1) Why can hierarchical reinforcement learning (HRL) be faster?
2) Why can hierarchical reinforcement learning be slower?

Answer

A

1) HRL simplifies problems through abstraction, the temporal abstractions increase sample efficiency
2) domain knowledge needs to be available, algorithmic complexity cost time, marco-actions

Question 2

Q

Why may hierarchical reinforcement learning give an answer of lesser quality?

Answer

A

The macro-actions may skip over possible shorter routes, that the primitive actions would have found.

Question 3

Q

Is hierachical reinforcement more general or less general?

Answer

A

More general
subtasks reduce brittleness due to overspecialization of policies.

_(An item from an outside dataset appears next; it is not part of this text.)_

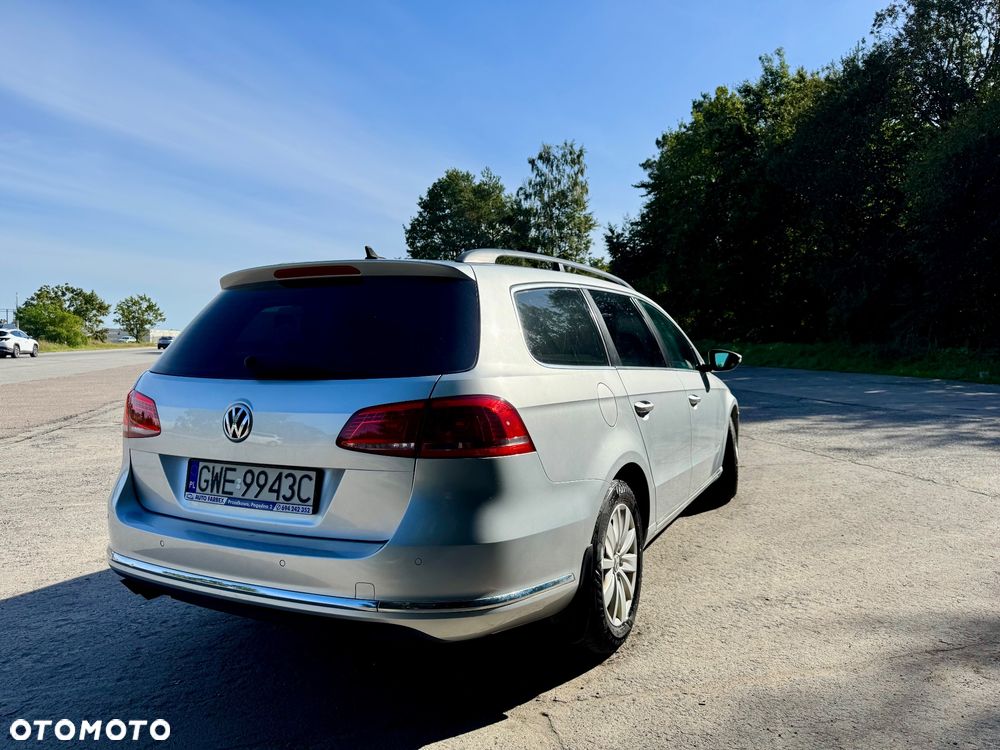 Volkswagen Passat - 6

Policies become more general, and are able to adapt to changes in the environment more easily.

Question 4

Q

What is the options framework?

Answer

A

Whenever a state is reached that is a subgoal, then, apart from following a primitive action (main policy), you can follow the option policy, a macro action consisting of a different subpolicy specially aimed at satisfying the subgoal in one large step. In this way macros are incorporated into the reinforcement learning framework.

Question 5

Q

What is an option?

Answer

A

An option is a group of actions with a termination
condition.
Options take in environment observations and output actions until a termination condition is met.

Question 6

Q

What are the three elements that an option consists of?

Answer

A

The initiation set 𝐼 ⊆ 𝑆 are the states that the option can start from
The subpolicy 𝜋 : 𝑆 × 𝐴 → [0, 1] internal to this particular option
The termination condition 𝛽 : 𝑆 → [0, 1] tells us if 𝜔 terminates in 𝑠

Question 7

Q

What is a macro?

Answer

A

Macros are combinations of primitive actions, and their use can greatly improve the performance of the policy.

Question 8

Q

What is intrinsic motivation?

Answer

A

An inner drive to explore.
Named so to contrast it with classic extrinsic motivation (the conventional RL reward signal).
Often related to model curiosity.

Question 9

Q

what are the three elements of an option 𝜔?

Answer

A

initialization set I_𝜔: the states that the option can start from
subpolicy 𝜋𝜔 (𝑎|𝑠): internal to this particular option
terminal condition 𝛽𝜔 (𝑠): tells us if 𝜔 terminates in s

Question 10

Q

How do multi agent and hierarchical reinforcement learning fit together?

Answer

A

agents often work together in teams or other hierarchical structure

Question 11

Q

What is so special about Montezuma’s Revenge?

Answer

A

The reward signal is little. The agent needs to walk without the reward changing

W8 Hierachical RL Flashcards

(11 cards)